DATA EXTRACTS ->
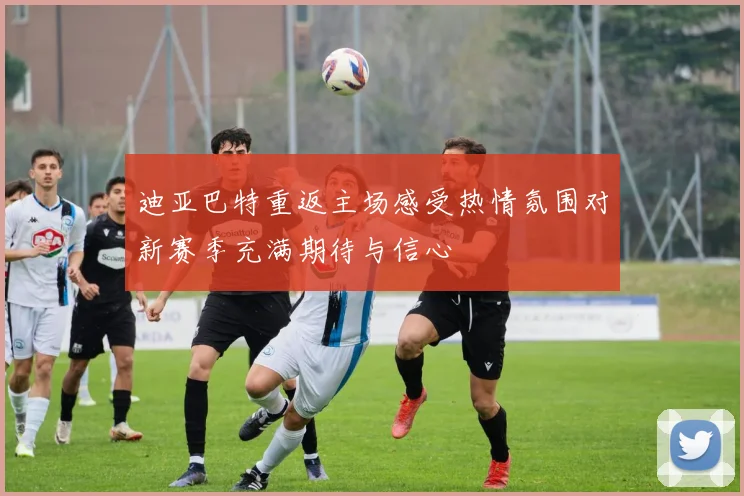 迪亚巴特重返主场感受热情氛围对新赛季充满期待与信心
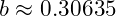 b \approx 0.30635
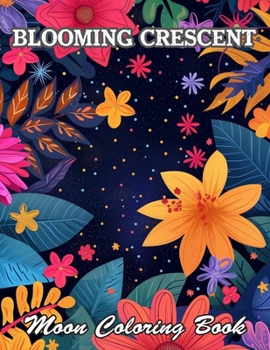 Blooming Crescent Moon Coloring Book: New and Exciting Designs Suitable for All Ages
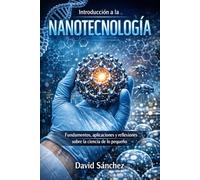 Introducción a la Nanotecnología: Fundamentos, aplicaciones y reflexiones sobre la ciencia de lo pequeño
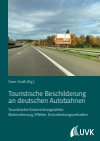 Sven Groß - Touristische Beschilderung an deutschen Autobahnen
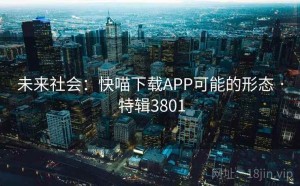 未来社会：快喵下载APP可能的形态 · 特辑3801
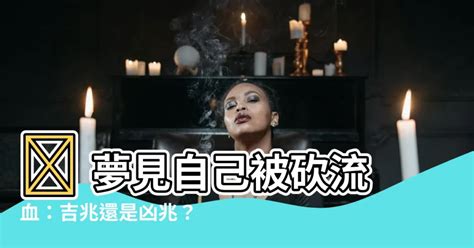 夢見自己被砍流血|夢見被人砍流血是什麼意思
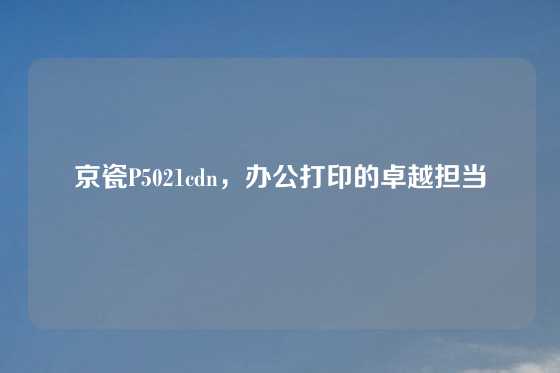 京瓷P5021cdn，办公打印的卓越担当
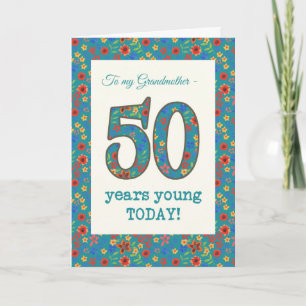 Floral Birthday Card, Grandmother, 50 Years Young Card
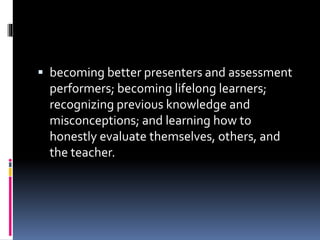  becoming better presenters and assessment
performers; becoming lifelong learners;
recognizing previous knowledge and
misconceptions; and learning how to
honestly evaluate themselves, others, and
the teacher.
 
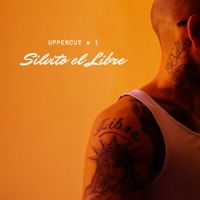 Uppercut #1 - Single - Silvito el Libre
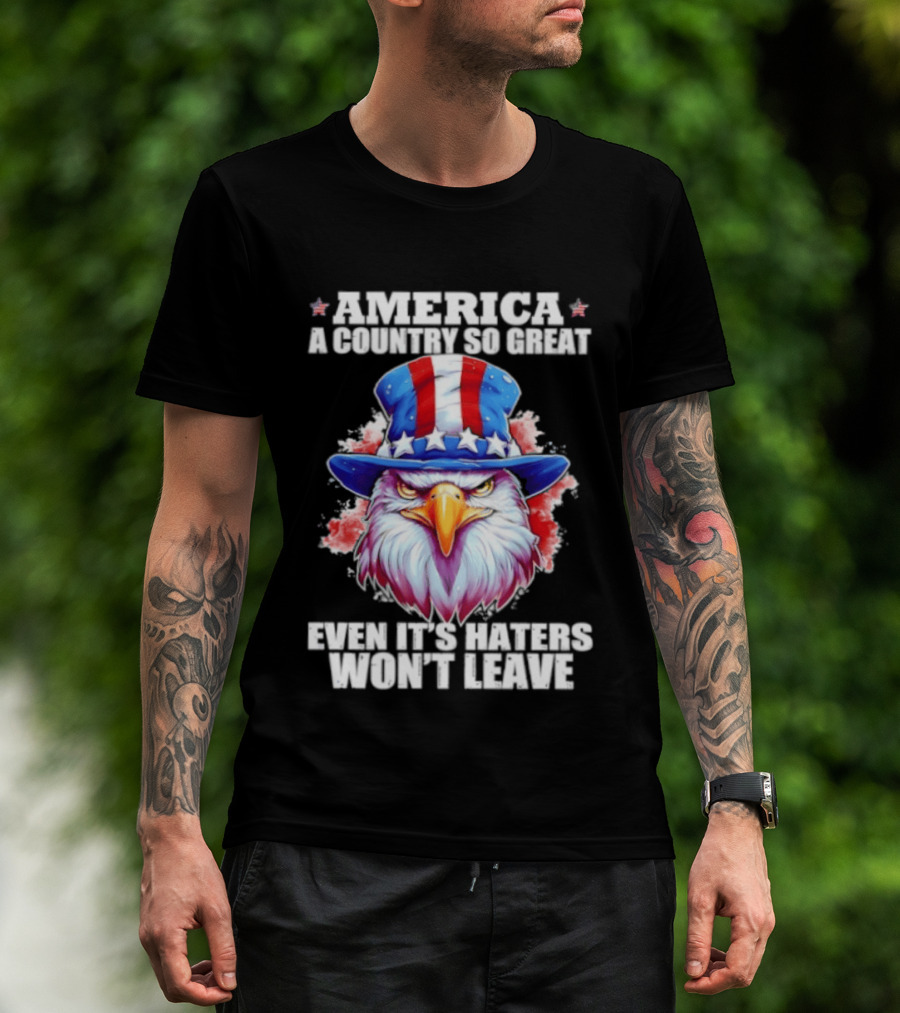 America A Country So Great Even Its Haters Won't Leave Eagle Stars Stripes Hat T-Shirt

REQUIRED WORK -> Give every line of the listing above again, exactly, with no images.

OUTPUT FOR THIS TASK ->
 迪亚巴特重返主场感受热情氛围对新赛季充满期待与信心
 b \approx 0.30635
 Blooming Crescent Moon Coloring Book: New and Exciting Designs Suitable for All Ages
 Introducción a la Nanotecnología: Fundamentos, aplicaciones y reflexiones sobre la ciencia de lo pequeño
 Sven Groß - Touristische Beschilderung an deutschen Autobahnen
 未来社会：快喵下载APP可能的形态 · 特辑3801
 夢見自己被砍流血|夢見被人砍流血是什麼意思
 京瓷P5021cdn，办公打印的卓越担当
 Floral Birthday Card, Grandmother, 50 Years Young Card
  becoming better presenters and assessment
performers; becoming lifelong learners;
recognizing previous knowledge and
misconceptions; and learning how to
honestly evaluate themselves, others, and
the teacher.
 
 Uppercut #1 - Single - Silvito el Libre
 America A Country So Great Even Its Haters Won't Leave Eagle Stars Stripes Hat T-Shirt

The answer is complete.